A list that has a special marker at its end is a general concept. The-empty-list in Lisp, EOF in C, etc. With this you have streams and ports and all the nice things.)
In my opinion, the single-linked-list data structure as a foundation of Lisp was selected not by accident. It is also most basic and natural representation of many natural concepts - a chain, a list. You could ask for the next element, and find out that there is no more. Simple and natural. Because of its simplicity the code is also simple.
Such kind of lists should be heterogeneous, because when all the elements are of the same type, it is more natural to represent it as an array - an ordered sequence. As far as I know, Python's lists actually are dynamic arrays.
The sequences of the elements of the same type (same storage size and encoding) with a marker at the end could be also viewed as a homogeneous lists. C strings processed as a list of characters is canonical example.
Now consider a UTF-8 encoding. It is a variable-length encoding. UTF-8 string is not an array, and because you cannot tell the boundaries between runes while reading, is not a list. But, nevertheless it could be considered and processed as a stream, until EOL marker is reached. This is why it was invented in Bell Labs to keep things as simple as possible.
Now, you see, the concept of a homogeneous list from math is not enough for CS, and sometimes it is much better to have it fuzzy. What is a list is a matter of a point of view.
> In my opinion, the single-linked-list data structure as a foundation of Lisp was selected not by accident. It is also most basic and natural representation of many natural concepts - a chain, a list. You could ask for the next element, and find out that there is no more. Simple and natural. Because of its simplicity the code is also simple.
Yes, that's a recursive data structure well-suited to functional languages, same as Haskell lists.
> Such kind of lists should be heterogeneous, because when all the elements are of the same type, it is more natural to represent it as an array - an ordered sequence.

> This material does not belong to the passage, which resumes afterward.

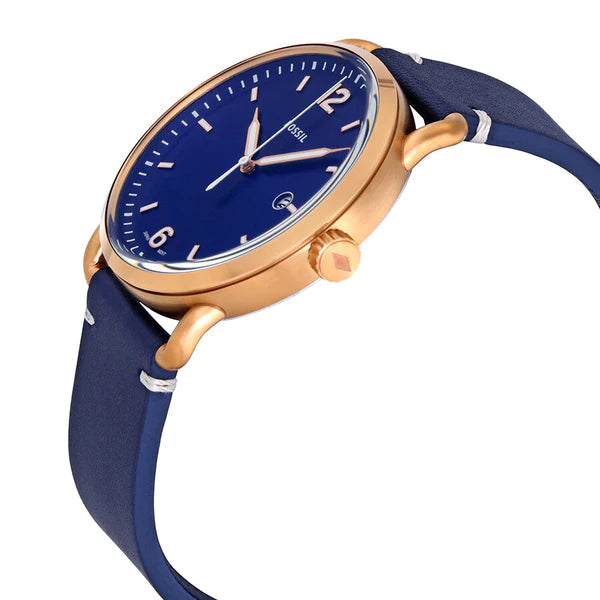 Fossil FS5274 Commuter Blue Dial Navy Blue Leather Men's Watch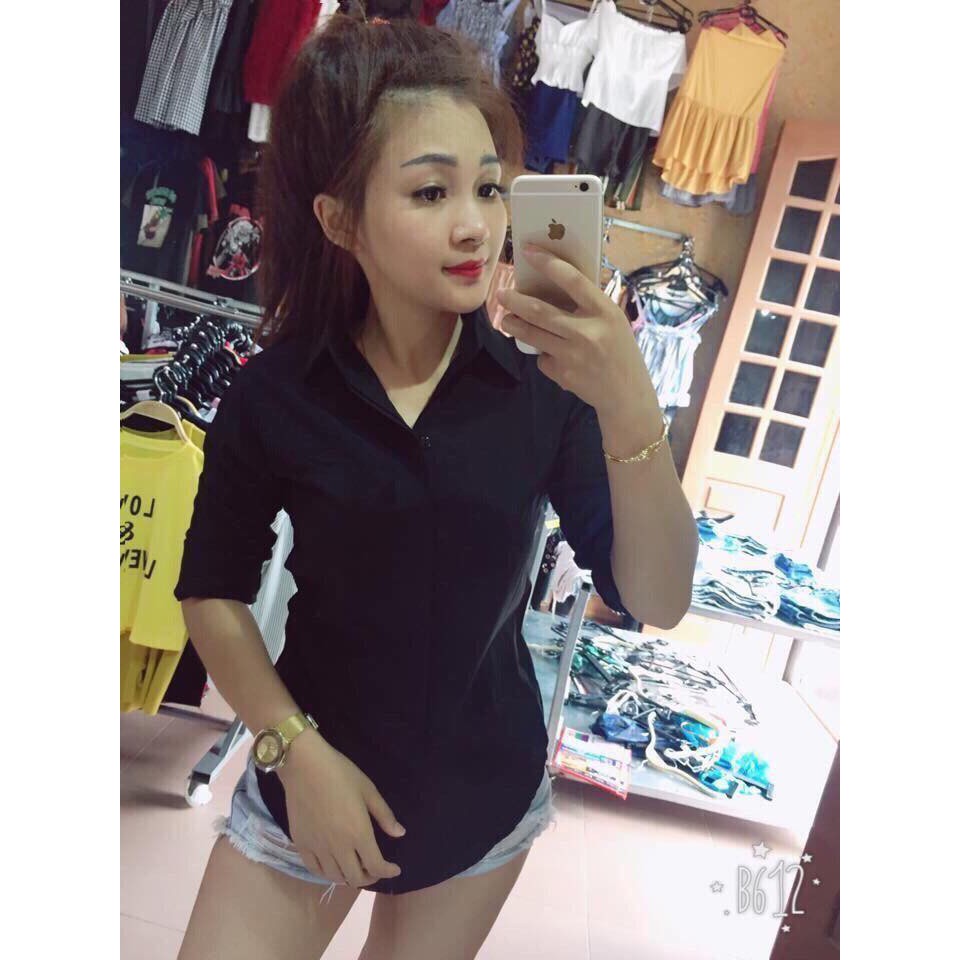 Áo sơ mi nữ đen dài tay basic cổ đức (chất liệu không nhăn)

From a memory point of view, maybe, but that's really an implementation detail. If you take, eg, Perl arrays, which you can access by index, push, shift, unshift, and pop, the actual implementation is invisible from the programmer, just as it should be in this sort of language. Java will happily store cats and dogs in an array of Object, for instance.

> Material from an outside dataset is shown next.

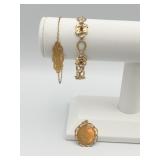 14 KARAT GOLD BRACELET WITH INSET RUBIES & 14K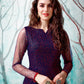 Rajwada Women Designer Dark Blue Net Semi Stitched Gown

> Now consider a UTF-8 encoding. It is a variable-length encoding. UTF-8 string is not an array, and because you cannot tell the boundaries between runes while reading, is not a list. But, nevertheless it could be considered and processed as a stream, until EOL marker is reached. This is why it was invented in Bell Labs to keep things as simple as possible.
You could very well store it as a list of bytes. This wouldn't be terribly efficient, but it's perfectly doable. Whether you process it as a stream or you have it stored in whatever array/collection is orthogonal to the fact that your language of choice supports heterogeneous lists. You can do stream processing in Haskell too (with, eg, pipes). You have also access to other data structures which are not lists, but which do expect to be homogenous.
Yes, it is indeed a stream of bytes, with a zero-byte as an EOF marker. That's why UTF-8 is good-enough.
As for lists, as long as your next element is not always in the next chunk of memory, you need a pointer. A chain of pointers is a single-linked list. This is the core of a Lisp and it is not an accident. Together with type-tagging, you could have your lists heterogeneous, as simple as that.)
This is a part of the beauty and elegance of a Lisp, in my opinion - few selected ideas put together.